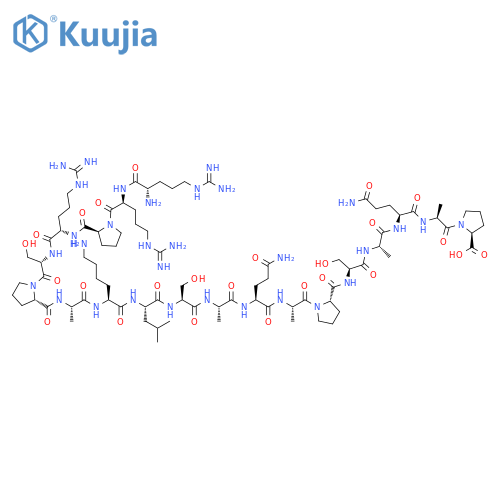 L-Proline,L-arginyl-L-arginyl-L-prolyl-L-arginyl-L-seryl-L-prolyl-L-alanyl-L-lysyl-L-leucyl-L-seryl-L-alanyl-L-glutaminyl-L-alanyl-L-prolyl-L-seryl-L-alanyl-L-glutaminyl-L-alanyl- structure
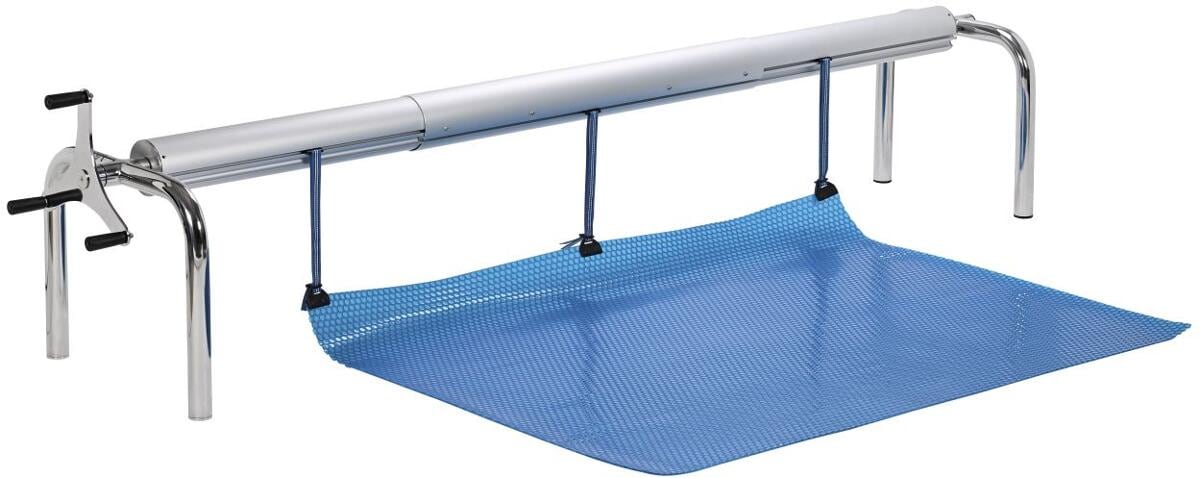 Vagner Pool Jumbo Reel Aufrollvorrichtung komplett, 640-860cm, tragbar mit U-Ständer, Edelstahl
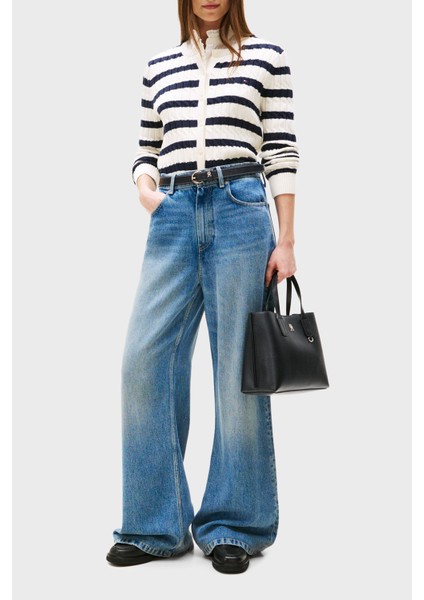 Logolu Çıkarılabilir Askılı Tote Çanta Bayan Çanta AW0AW17459 Bds fiyatları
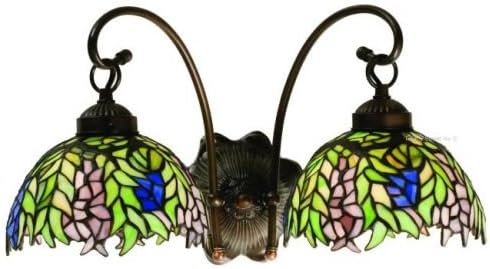Honey Locust Tiffany Stained Glass Tiffany Wall Sconce 18 Inches W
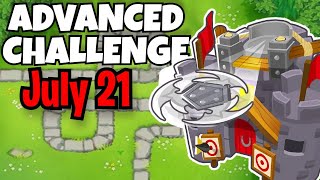 How To Beat BTD6 Advanced Challenge Today | You need to be an expert to clear this | 21.07.2023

**Instructions to follow**
In the answer, include exactly the lines from the one containing "Logolu Çıkarılabilir Askılı" through the end of the records above and no pictures at all.

**Answer to the problem**
 Logolu Çıkarılabilir Askılı Tote Çanta Bayan Çanta AW0AW17459 Bds fiyatları
Honey Locust Tiffany Stained Glass Tiffany Wall Sconce 18 Inches W
 How To Beat BTD6 Advanced Challenge Today | You need to be an expert to clear this | 21.07.2023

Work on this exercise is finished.